O recorrente pugna pela admissão da revista por ela respeitar a uma «quaestio juris» relevante e necessitada de reapreciação.
O autor contra-alegou, considerando a revista inadmissível.
Cumpre decidir.
Em princípio, as decisões proferidas em 2.ª instância pelos TCA's não são susceptíveis de recurso para o STA. Mas, excepcionalmente, tais decisões podem ser objecto de recurso de revista em duas hipóteses: quando estiver em causa a apreciação de uma questão que, pela sua relevância jurídica ou social, assuma uma importância fundamental; ou quando a admissão da revista for claramente necessária para uma melhor aplicação do direito («vide» o art. 150°, n.º 1, do CPTA).
O TAC julgou improcedente a acção indemnizatória dos autos, fundada na demora excessiva de um processo instaurado pelo autor nos tribunais comuns.
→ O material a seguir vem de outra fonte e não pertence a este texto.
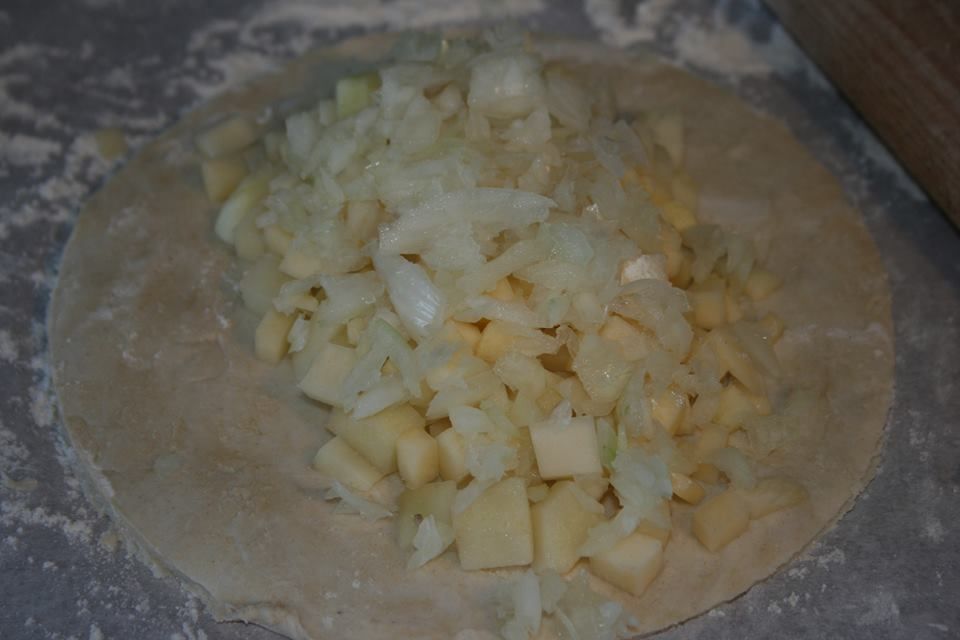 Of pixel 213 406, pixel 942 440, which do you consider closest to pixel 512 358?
pixel 213 406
Porém, o TCA considerou que tal pleito se atrasara injustificadamente, motivo por que condenou o réu Estado a pagar ao autor uma indemnização de € 2.500,00, a título de danos morais.
Na presente revista, o MºPº desfere sobre o acórdão «sub specie» duas fundamentais críticas: por um lado, o atraso havido no processo judicial seria irrelevante para o autor, visto que ele perdeu essa causa; por outro lado, não estariam provados os danos morais em que assentou a condenação.
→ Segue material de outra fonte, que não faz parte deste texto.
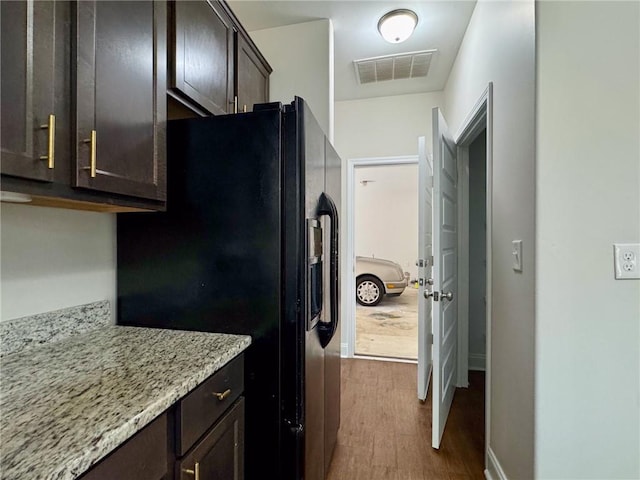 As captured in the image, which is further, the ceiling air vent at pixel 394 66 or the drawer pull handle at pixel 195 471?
the ceiling air vent at pixel 394 66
No entanto, o direito a obter decisões jurisdicionais num «prazo razoável» é independente do desfecho, favorável ou desfavorável, das acções que estejam em causa; pois trata-se de um direito ligado à definição dos litígios e à obtenção da paz jurídica concomitante. Portanto, este modo de atacar o aresto recorrido não fere a sua credibilidade.
E o acórdão também parece indemne à censura acerca da existência dos danos morais. Esta é, basicamente, uma questão de facto, estranha aos poderes cognitivos do tribunal de revista. E este pormenor desaconselha de imediato que se receba o recurso para reanálise do problema.
Assim, impõe-se, «in casu», a prevalência da regra da excepcionalidade das revistas.
Nestes termos, acordam em não admitir a revista.
Sem custas.
Porto, 9 de Novembro de 2018. – Madeira dos Santos (relator) – Costa Reis – São Pedro.